Many directors who chose to take a director’s loan intent to pay it back, yet in spite of this there are certain factors that play a part of this that are un controllable such as not being able to find a contracting role, unexpected termination of a contract or a sudden personal emergency, then subsequently the company profits may decrease and the director may not have enough funds to repay the loan.
However, it is feasible for a company to clear an overdrawn director’s loan account, or ‘release’ the loan, by allocating a dividend if there are funds available in the company’s business account.
If this act has been chosen the loan will be believed to be a dividend under the Income Tax (Trading and Other Income) Act 2005. However, HMRC could pursue to collect NIC (National Insurance Contributions) if it disputes that the company was, in fact, arranging salary or compensation to the director who obtained the director’s loan. A company is categorically not able to accept Corporation Tax relief on a cleared director’s loan. Unpredicted situations many occur where you may not be able to reimburse a director’s loan, therefore because of tax consequences involved it is sensible to only withdraw a director’s loan if you definitely need it or in an emergency.
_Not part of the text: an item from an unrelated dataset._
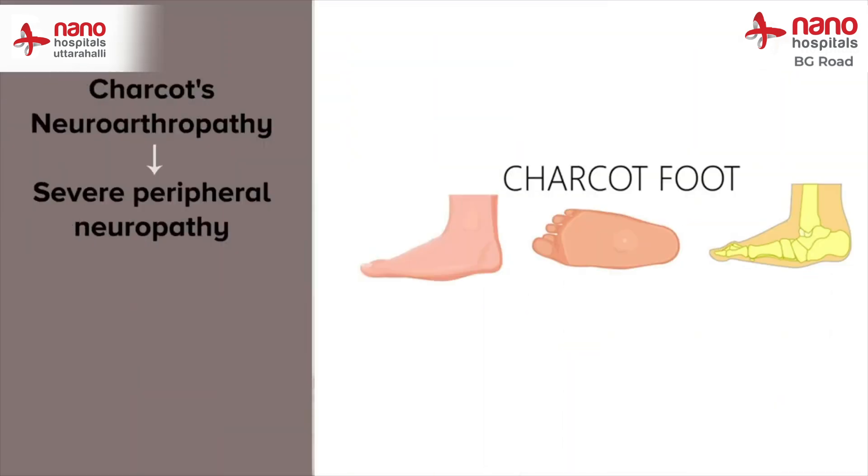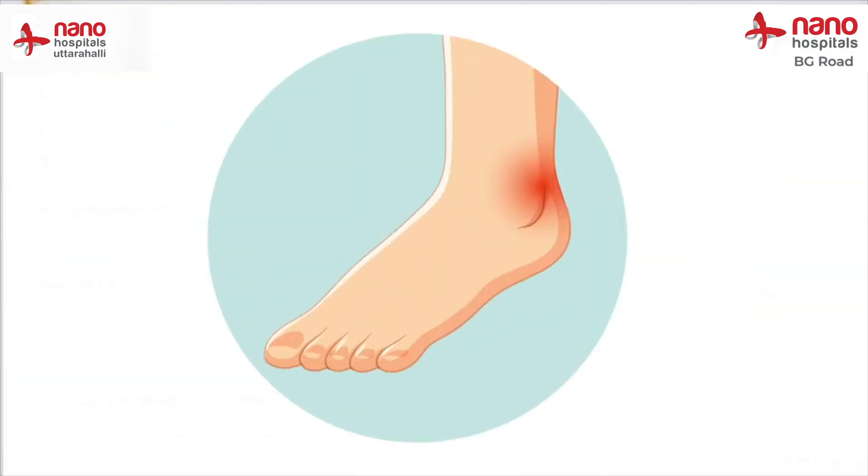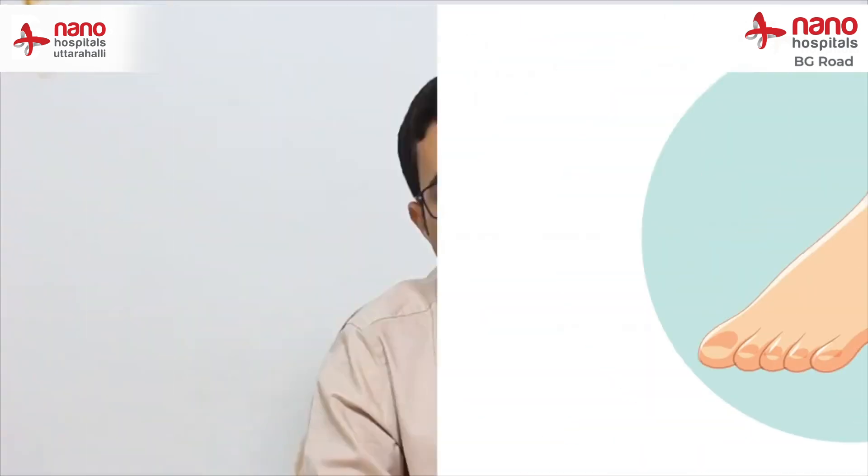Charcot's neuroarthropathy remains one of the most misdiagnosed conditions in diabetic feet. Because of severe peripheral neuropathy, the patient usually loses sensation, which results in multiple fracture dislocations in the feet and ankle. Because the patient is completely devoid of any sensation, they will not have any pain, but can present with redness and swelling, usually on one side of the foot.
As you may realise, dealing with a director’s loan can get extremely complex very quickly. Our recommendation is to have a conversation with one of our skilled accountants who understand the penalties of taking out a director’s loan. Receiving guidance of a UK contractor accountant will allow you to make a knowledgeable decision and if assign a professional contractor accountant, they can assure you are navigated safely through the implications of a director’s loan.